Murli Buluswar: I have found that focusing on the fundamentals of why science was created, what our aspirations are, and how being part of this team will shape the professional evolution of the team members has been pretty profound in attracting the caliber of talent that we care about. And then, of course, comes the even harder part of living that promise on a day-in, day-out basis.
Yes, money is important. My philosophy on money is I want to be in the 75th percentile range; I don’t want to be in the 99th percentile. Because no matter where you are, most people—especially people in the data-science function—have the ability to get a 20 to 30 percent increase in their compensation, should they choose to make a move. My intent is not to try and reduce that gap. My intent is to create an environment and a culture where they see that they’re learning; they see that they’re working on problems that have a broader impact on the company, on the industry, and, through that, on society; and they’re part of a vibrant team that is inspired by why it exists and how it defines success. Focusing on that, to me, is an absolutely critical enabler to attracting the caliber of talent that I need and, for that matter, anyone else would need.

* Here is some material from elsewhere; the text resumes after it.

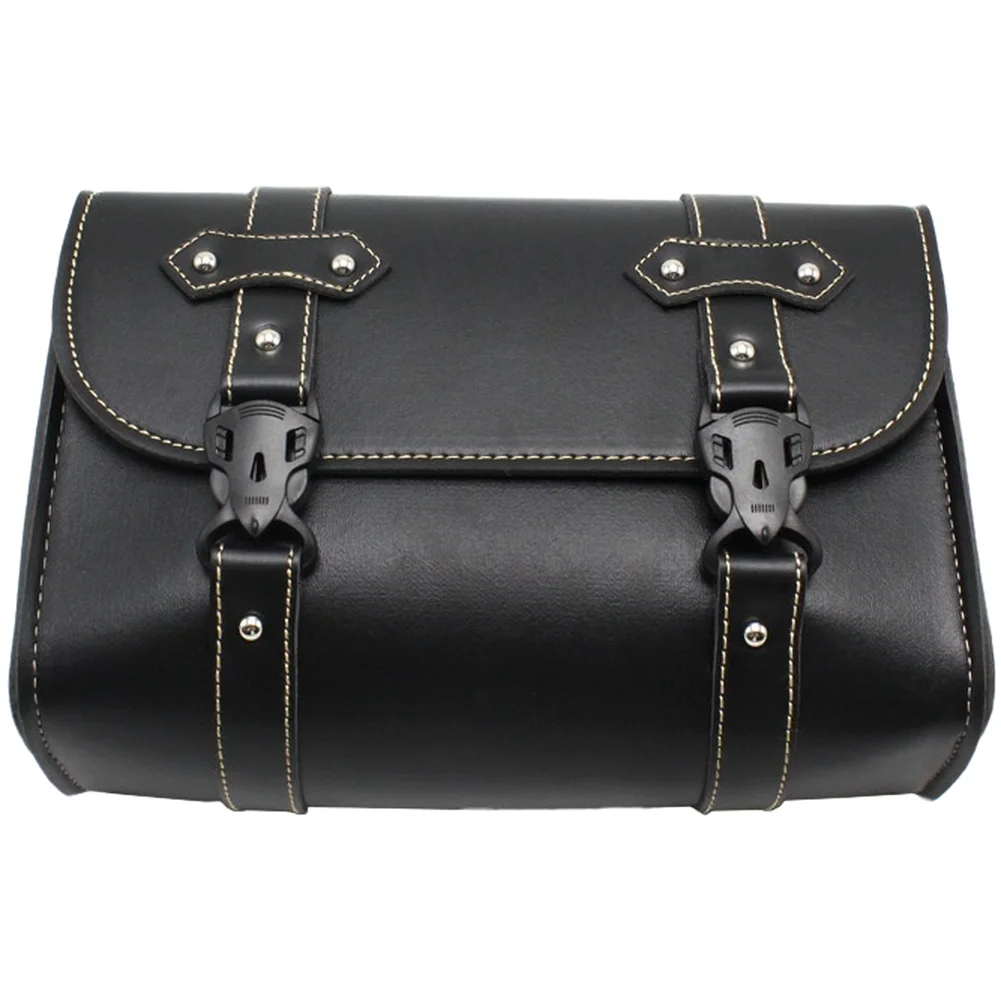 Motorcycle Front and Rear Panniers Vintage Waterproof PVC Storage Bag Compatible with Most Motorcycle and Electric Bike Models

Developing the right expertise
Victor Nilson: Talent is everything, right? You have to have the data, and, clearly, AT&T has a rich wealth of data. But without talent, it’s meaningless. Talent is the differentiator. The right talent will go find the right technologies; the right talent will go solve the problems out there.
We’ve helped contribute in part to the development of many of the new technologies that are emerging in the open-source community. We have the legacy advanced techniques from the labs, we have the emerging Silicon Valley. But we also have mainstream talent across the country, where we have very advanced engineers, we have managers of all levels, and we want to develop their talent even further.
So we’ve delivered over 50,000 big data related training courses just this year alone. And we’re continuing to move forward on that. It’s a whole continuum. It might be just a one-week boot camp, or it might be advanced, PhD-level data science. But we want to continue to develop that talent for those who have the aptitude and interest in it. We want to make sure that they can develop their skills and then tie that together with the tools to maximize their productivity.
Zoher Karu: Talent is critical along any data and analytics journey. And analytics talent by itself is no longer sufficient, in my opinion. We cannot have people with singular skills. And the way I build out my organization is I look for people with a major and a minor. You can major in analytics, but you can minor in marketing strategy. Because if you don’t have a minor, how are you going to communicate with other parts of the organization? Otherwise, the pure data scientist will not be able to talk to the database administrator, who will not be able to talk to the market-research person, who which will not be able to talk to the email-channel owner, for example. You need to make sound business decisions, based on analytics, that can scale.